Mike Aitken, a university professor, whose fraud-detection computer program has revolutionised the world’s financial markets and won the Prime Minister’s Innovation Prize, has a bigger goal in sight – creating a financial market on your phone.
Professor Michael Aitken and his team created the SMARTS system, which catches insider trading and market manipulation around the world with such success it was sold in 2010 for $90 million to the world’s largest exchange company, the US-based Nasdaq.
That sale helped fund a new generation of research entrepreneurs under Professor Aitken’s Capital Markets Cooperative Research Centre, which is using the same technology to pick up fraud, abuse, waste and over-servicing in the health and mortgage industries.

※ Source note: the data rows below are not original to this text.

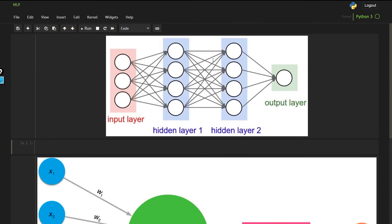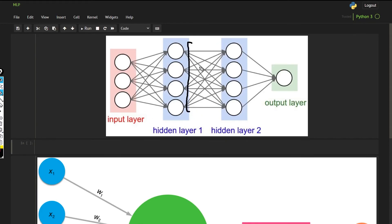If you watch this video carefully, you will get the best idea of how to create and understand a neural network. To summarize what we have covered: we understand how a neuron outputs a value, why it generates the correct values, and how weights are stored in a 2D matrix while biases are stored in a 1D matrix — one bias per neuron.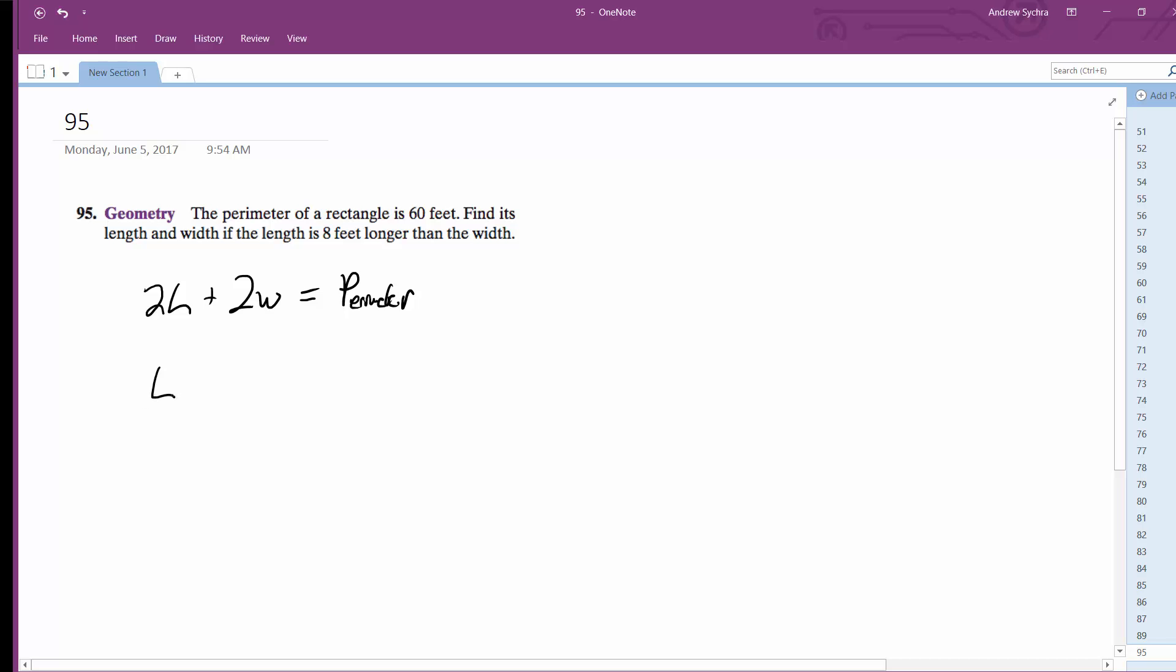So, L is equal to W plus eight. So we can just substitute that in for L. So we get two W plus eight plus two W is equal to 60. So we get two W plus 16 plus two W equals 60.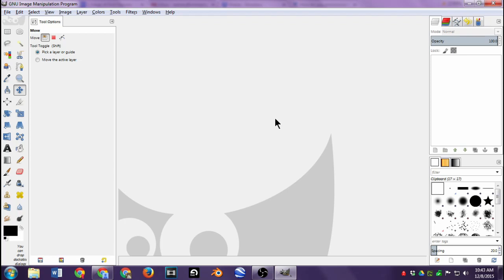Today we're going to be looking at GIMP, which stands for GNU Image Manipulation Program, and it's a great photo editing application. It's open source, it's cross-platform so you can get it on PC, Mac, and Linux. It's great for editing photos — photo editing is basically the process of changing images whether they're digital photographs, illustrations, or even scanned photos.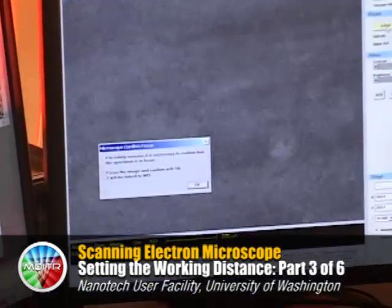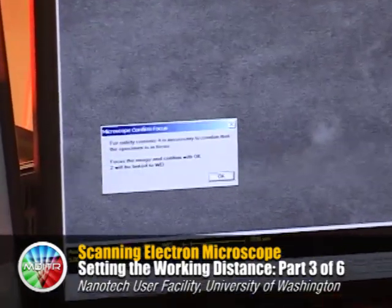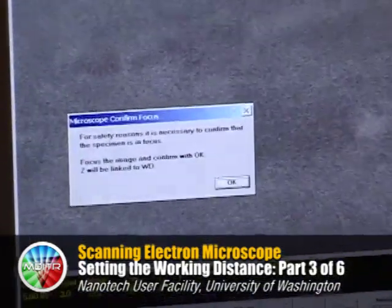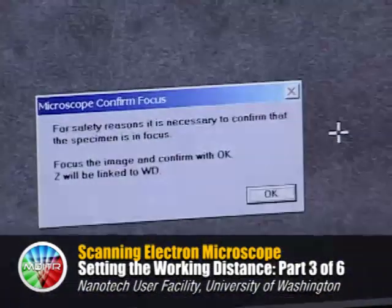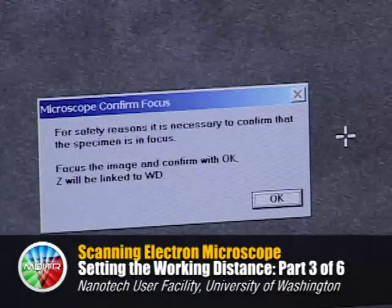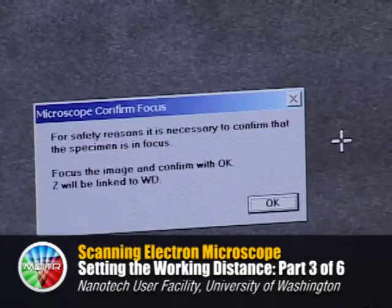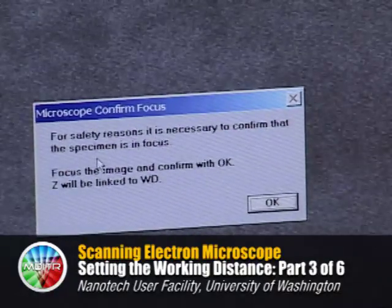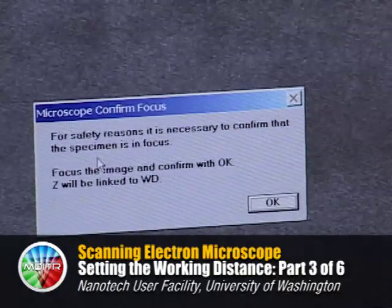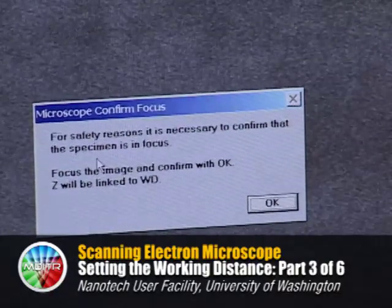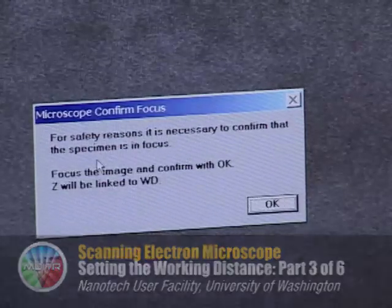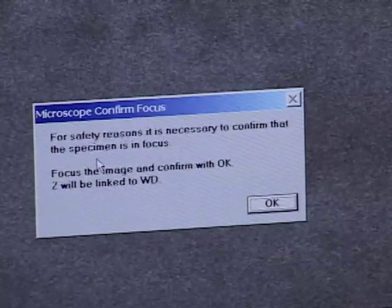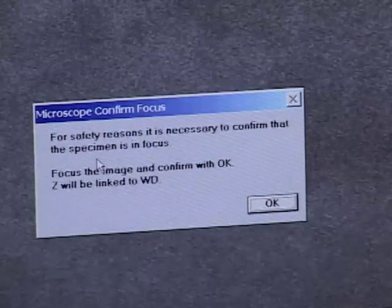When you open the column valve and the beam starts to hit the sample, you'll also see this microscope confirm focus box. The computer doesn't know how tall the sample we put in the chamber is, and so it doesn't know how much clearance we have at this time.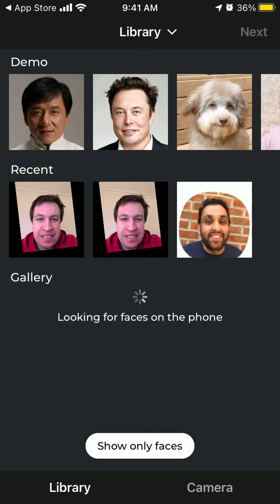Hey there. So how to enter live mode in our Terrify app? So what is live mode? Basically you can take any photo — your photo, your pet photo, any photo — and then just use the live mode and you can make this photo move.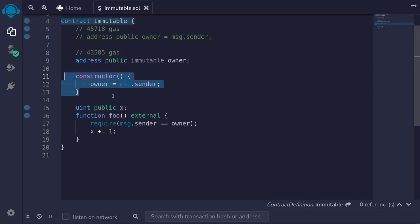Immutable variables are like constants, except that you can initialize them only once when the contract is deployed.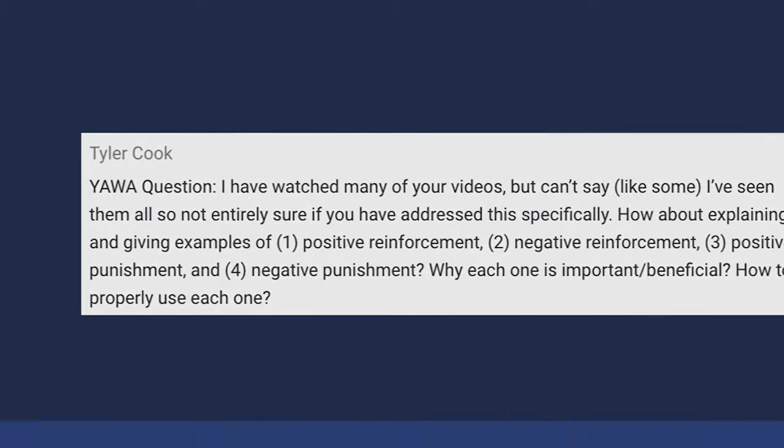We have actually done a four quadrants of operant conditioning video with examples on our YouTube channel. If you search 'Standing Stone operant conditioning' it will come up — the title is 'Four Things You Need to Know About Dog Training Operant Conditioning' — and it talks about the four quadrants and gives examples with video.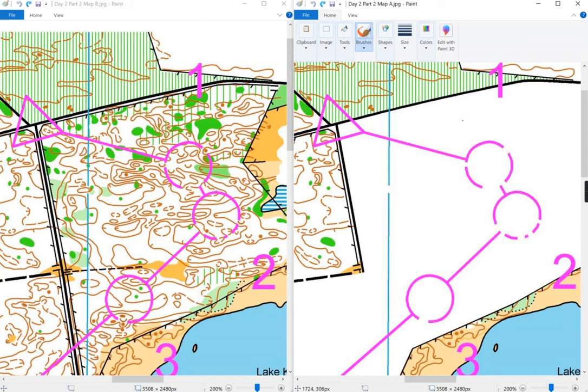This is a simplification exercise where the orienteer has to redraw the part of the map that they're going to use to navigate around through the control points.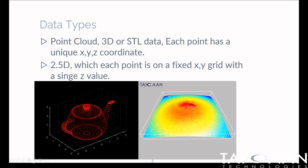So we have two data formats here: a 2.5D data format shown on the right, and this point cloud or 3D or STL data shown on the left.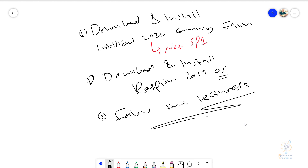My recommendation: download and install LabVIEW 2020 Community Edition and don't manually install the Linux or VISA libraries — they're there by default. Then download the Raspbian 2019 OS, flash it to your SD card, turn on your Raspberry Pi, and follow my steps. I spent three or four days testing different versions of LabVIEW and Raspberry Pi OS to find this combination, and it will work for you as well if you follow my steps and use my links.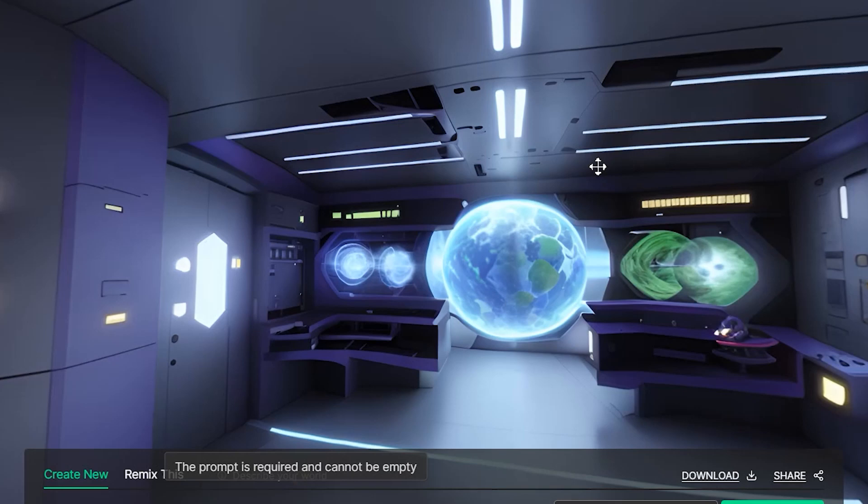In this video, I'm going to walk you through some of the coolest things that I came across in the AI 3D space. So let's get into the video.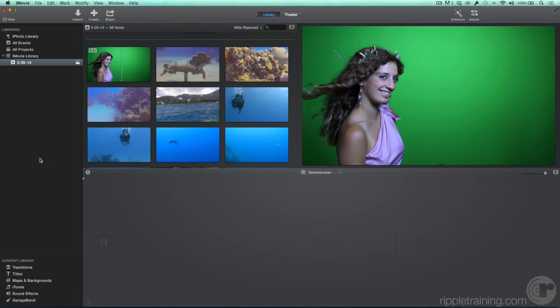With iMovie, it's easy to combine a clip of a subject shot in front of a green or blue screen with a background. Your background could be a photo, graphic, or a video clip. In addition to your own media, iMovie contains a variety of backgrounds to choose from.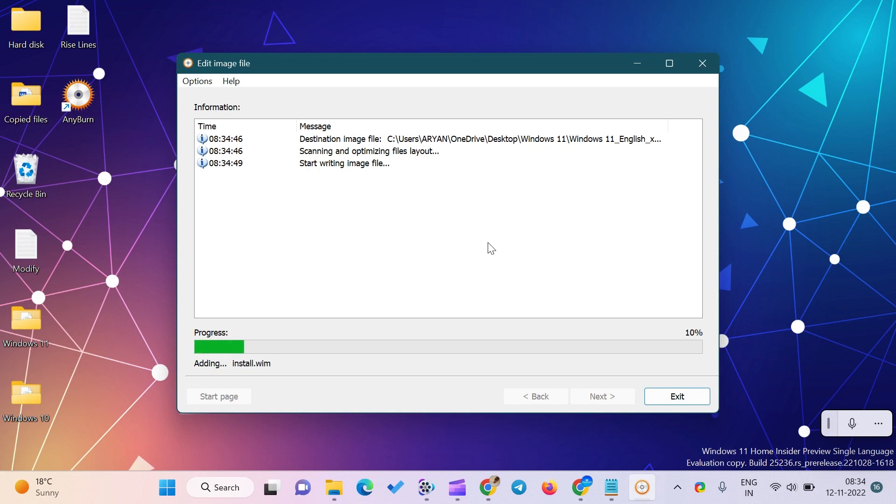You will not get any errors about secure boot or TPM 2.0 as you have already bypassed them by editing the Windows 11 ISO.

While the Prime Minister’s Prize for Innovation was awarded to Macquarie University’s Professor Aitken for commercialising technology that makes markets fairer and more efficient, Professor Aitken is focused on Capital Markets’ latest venture, digi.cash.
Forget about Bitcoin and Blockchain, digi.cash is an actual digital currency on your phone, rather than a ledger of credits and debits held elsewhere.
While his team’s health spin-off company Lorica Health – which identifies financial fraud and abuse in Australia’s sprawling health sector – is probably worth “10 times” the pioneering SMARTS system, Professor Aitken predicts even bigger things for digi.cash.
“This is probably worth 100 times SMARTS,” he said.
Electronic banknote
Launched in August 2016 with digital Australian dollars available through Apple App Store or Google Play, digi.cash is essentially an electronic banknote kept on your phone or computer and is based on cryptographic work from the 1980s.
“We’ve got the real cash on your phone, so it’s a digital token,” Professor Aitken said.
“You can have money on your phone, you can have digital shares on your phone and you can use your phone in effect to create an exchange.”